Many contest that the primary goals for waste management; to reduce, reuse and recycle, and increasing waste conversion (i.e. waste-to-energy) rates are not compatible. However, in the United States, the states making the most use of waste-to-energy facilities are also those that recycle the most.

In addition, according to a recent study conducted by the EPA, increasing recycling wastes actually improves the efficiency of waste conversion (i.e. waste-to-energy).

Consumers are increasingly recycling more biogenic waste (paper and food) and throwing away more non-biogenic waste (rubber and plastics).

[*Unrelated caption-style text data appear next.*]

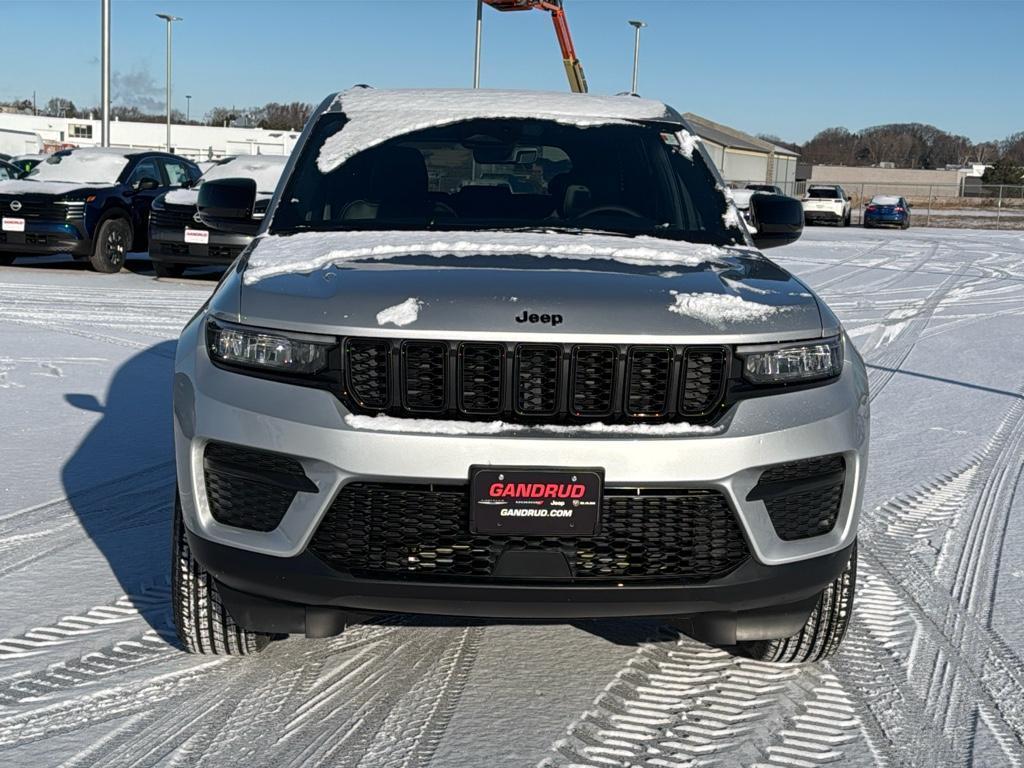 new 2025 Jeep Grand Cherokee car, priced at $45,279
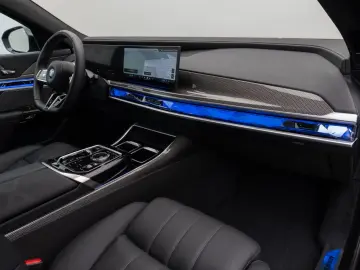 BMW i7 xD60 M-Sport HUD Pano 360 Massage ACC Soft 21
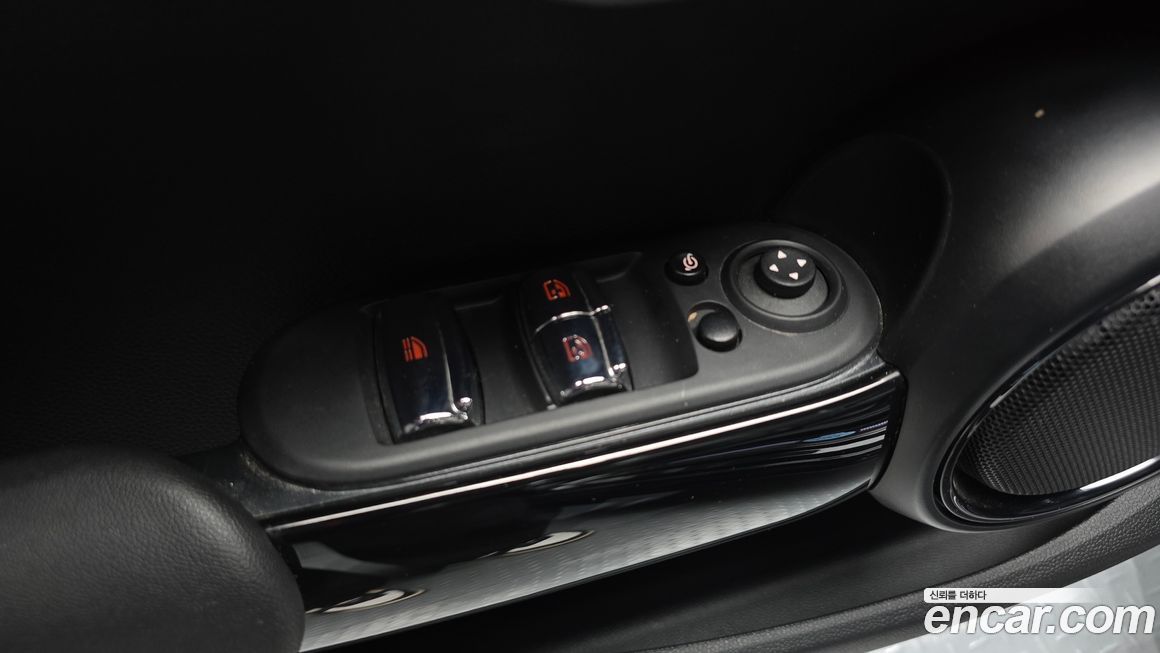 Mini Cooper Convertible 2024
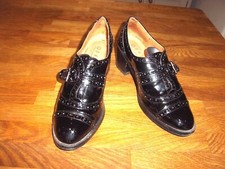 Office London black patent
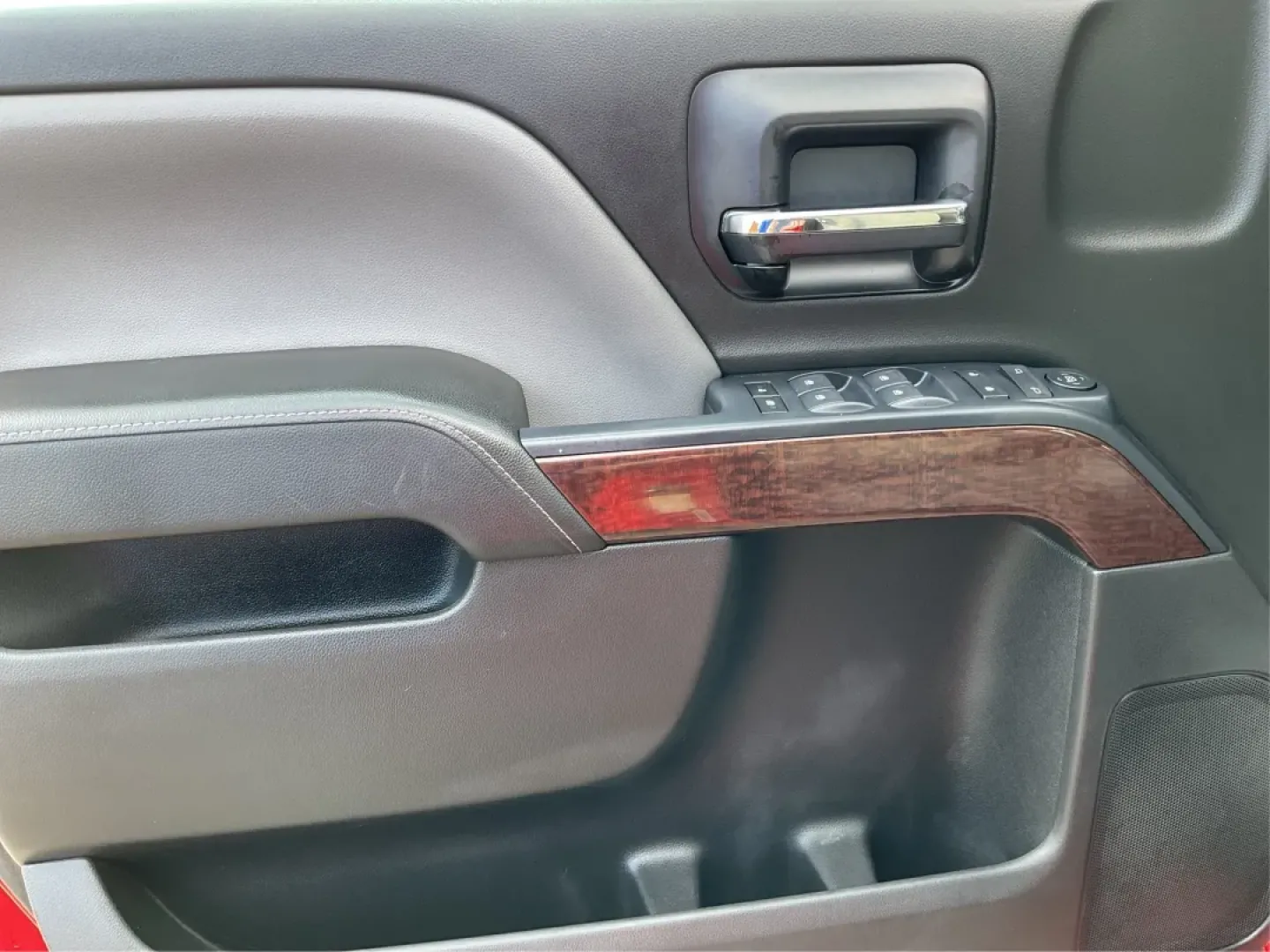 2014 GMC Sierra 1500 SLE (1GTR1UECXEZ) with an Other engine, located at 1184 Kauffman Ave, Fairborn, OH, 45324, (937) 908-9800, 39.807072, -84.030914 - **Unleash Adventure with the 2014 GMC Sierra 1500 at Advantage Car and Credit - Troy, OH!**<br /> <br /> Are you ready to elevate your everyday adventures? Whether you're a busy professional seeking a reliable commuter, a growing family in need of ample space, or an outdoor enthusiast looking for a - Photo#18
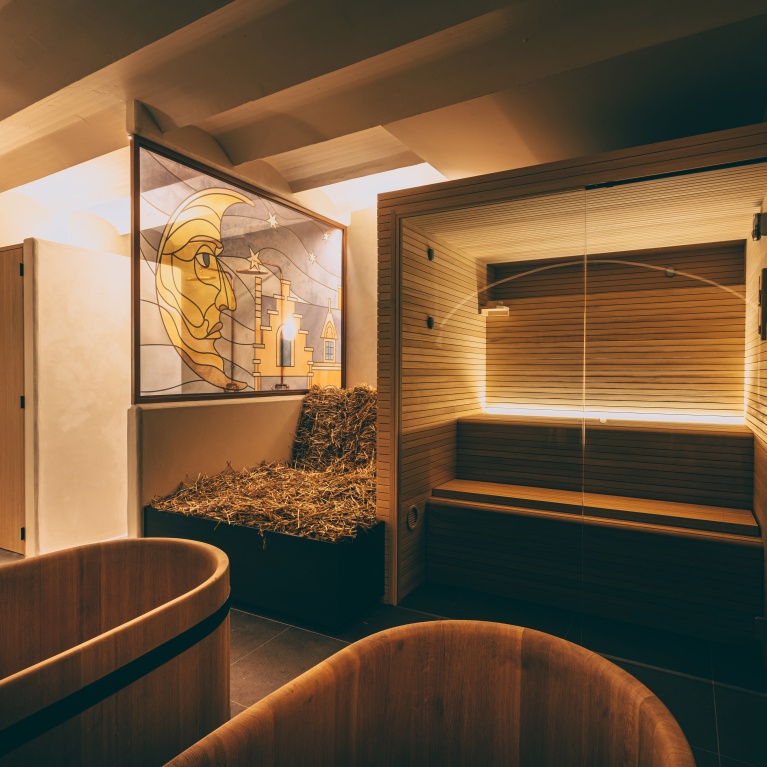 Beerspa Bruges - 4 person Luxury spa 2 sauna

The higher energy content of non-biogenic waste makes it a more productive feedstock for generating electricity through a waste-to-energy technology such as the TVRC. Conversely to previously held views then, recycling is not just compatible with waste conversion, it actually improves the energy content of the leftover waste, boosting the potential of key waste-to-energy technologies, including plasma-arc plasma gasification.